◆ **Raw data**
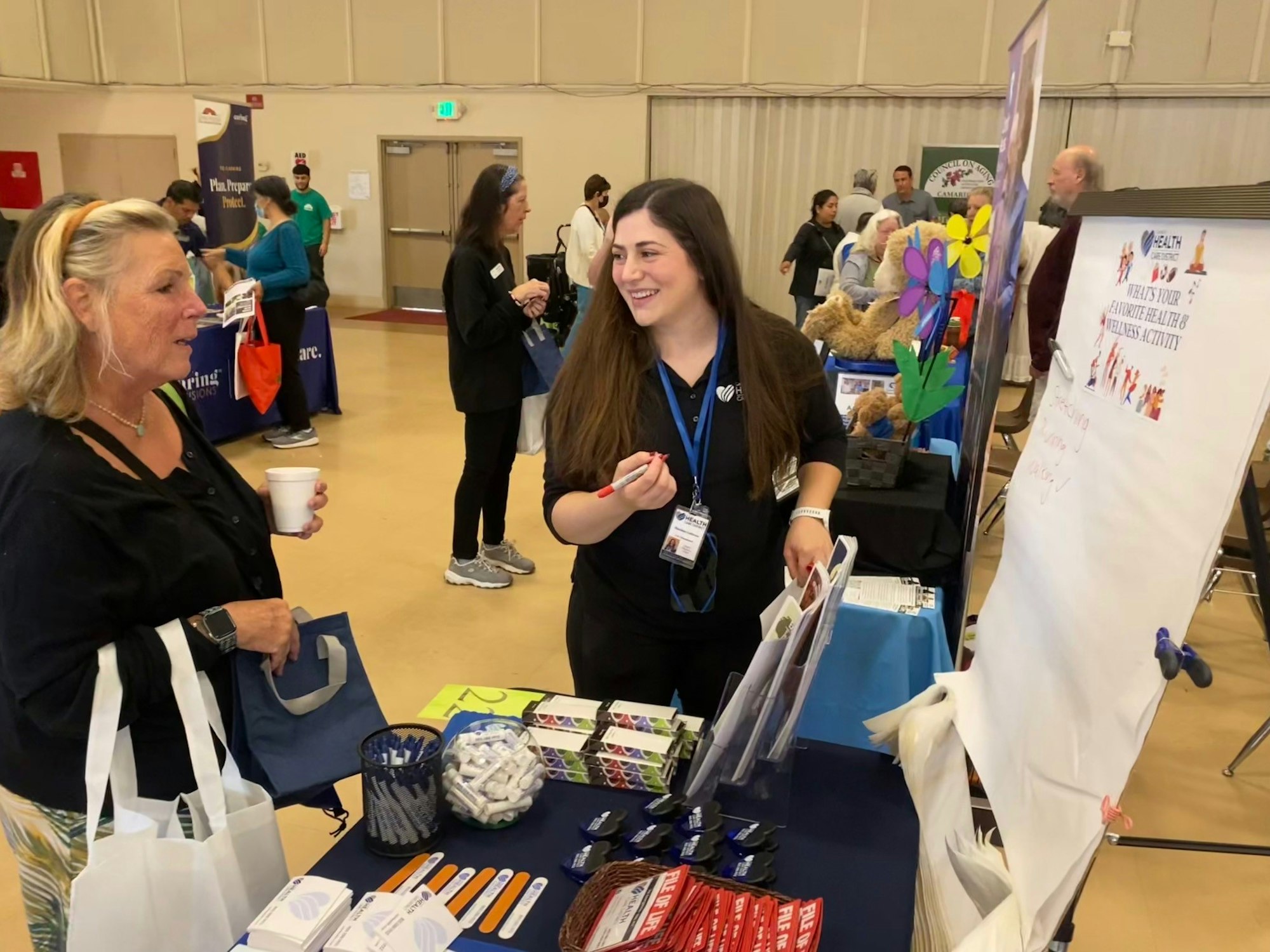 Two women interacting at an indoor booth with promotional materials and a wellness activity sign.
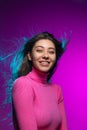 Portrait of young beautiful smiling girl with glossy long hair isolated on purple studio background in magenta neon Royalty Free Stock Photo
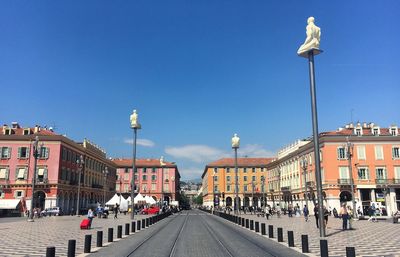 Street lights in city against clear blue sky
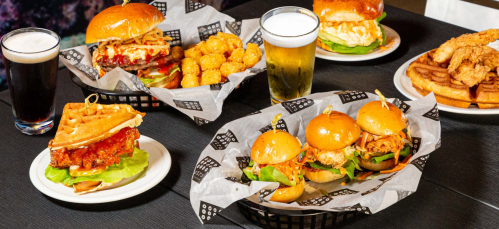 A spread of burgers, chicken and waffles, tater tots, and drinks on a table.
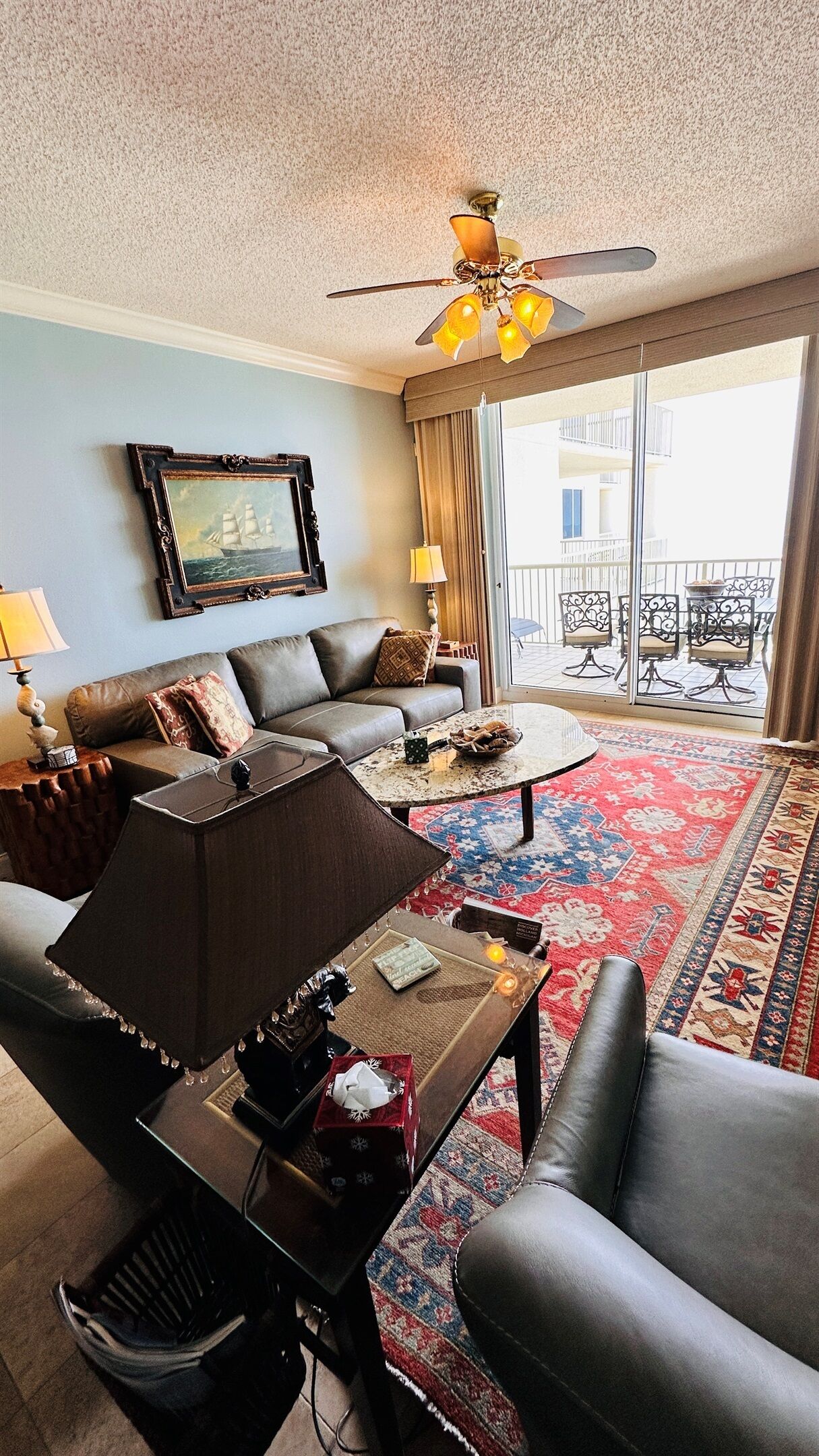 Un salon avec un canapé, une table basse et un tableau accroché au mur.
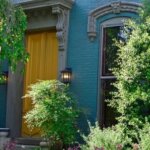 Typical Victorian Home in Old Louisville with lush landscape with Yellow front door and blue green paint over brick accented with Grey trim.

◆ **Task statement**
From the first record to the last, print everything again exactly, without pictures.

◆ **Answer box**
 Two women interacting at an indoor booth with promotional materials and a wellness activity sign.
 Portrait of young beautiful smiling girl with glossy long hair isolated on purple studio background in magenta neon Royalty Free Stock Photo
 Street lights in city against clear blue sky
 A spread of burgers, chicken and waffles, tater tots, and drinks on a table.
 Un salon avec un canapé, une table basse et un tableau accroché au mur.
 Typical Victorian Home in Old Louisville with lush landscape with Yellow front door and blue green paint over brick accented with Grey trim.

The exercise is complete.